O Conselho Tutelar da Região Norte de Caxias do Sul programou uma série de atividades para marcar o Dia Nacional do Conselheiro Tutelar, celebrado nesta quinta-feira (18). A data foi instituída pela Lei nº 11.622, de 19 de dezembro de 2007. A programação começou ainda na terça-feira(16) e segue até segunda-feira (22). Os cinco conselheiros responsáveis pelos atendimentos de bairros da Zona Norte, Marjorie Sasset, Maurício Abel, Josue Orian, Wagner Padilha e Gilmar Ferreira, visitaram escolas, centros de convivência e unidades básicas de saúde (UBSs). Os encontros foram destinados às crianças, adolescentes e aos profissionais que também identificam quando é necessário acionar o Conselho Tutelar.
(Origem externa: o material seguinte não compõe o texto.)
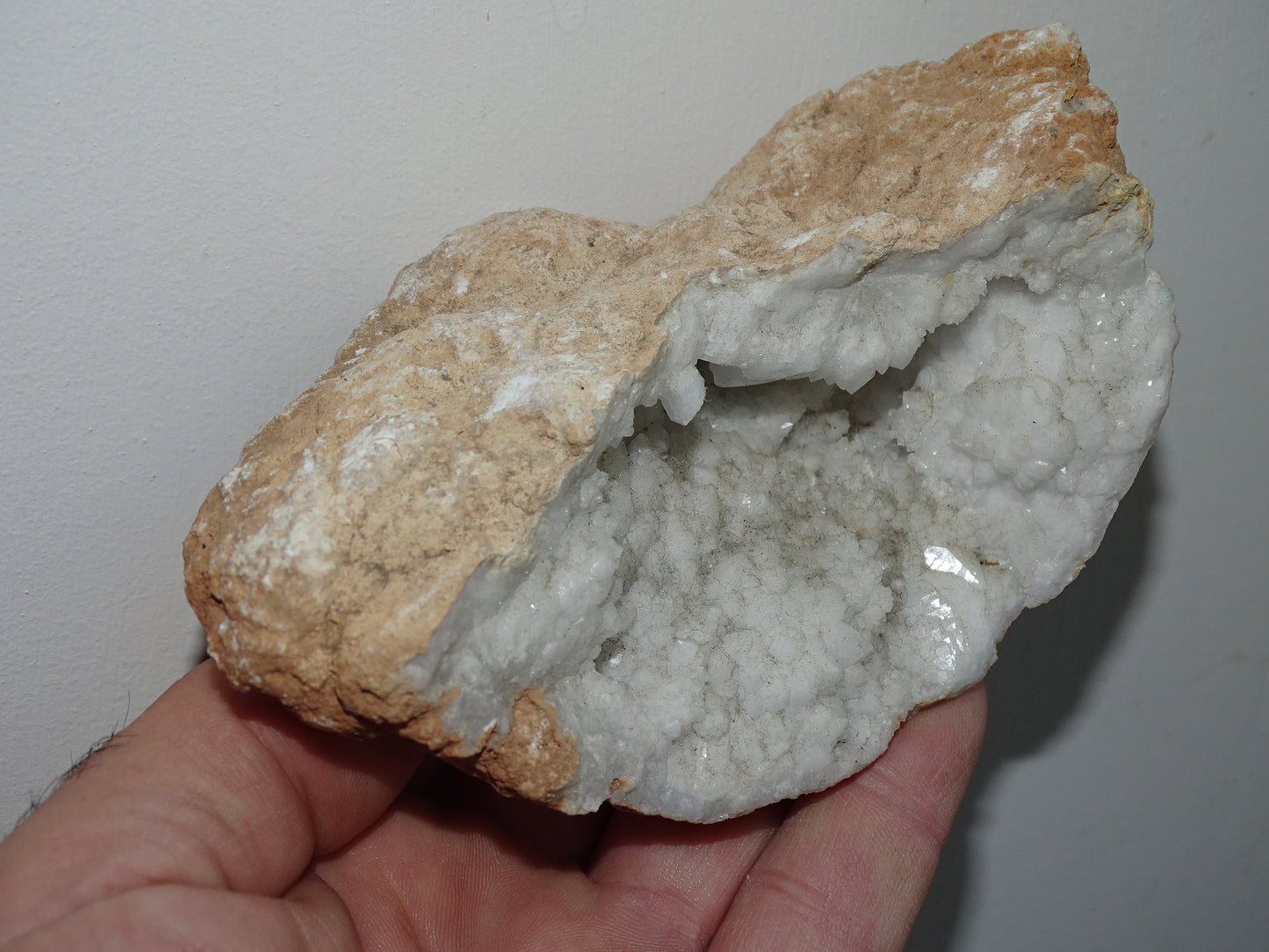 Géode en quartz/ Cristal de roche naturel de 16 L x 13 l x 6 centimètres de hauteur - 344 grammes. Provenance, Madagascar. Magnifique spécimen...!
Durante a manhã desta quarta-feira (17) a reportagem acompanhou os conselheiros Marjorie Sasset e Maurício Abel em visita ao Serviço de Convivência e Fortalecimento de Vínculos (SCFV) Irmão Sol, no loteamento Campos da Serra. Lá, são atendidos 80 crianças e adolescentes em situação de vulnerabilidade social. Sentadas em um círculo, todos ficaram atentos quando Abel questionou se sabiam o que é o Conselho Tutelar e em que momento é acionado.
— Se a criança não vai para a escola, o Conselho Tutelar tira dos pais — disse um menino.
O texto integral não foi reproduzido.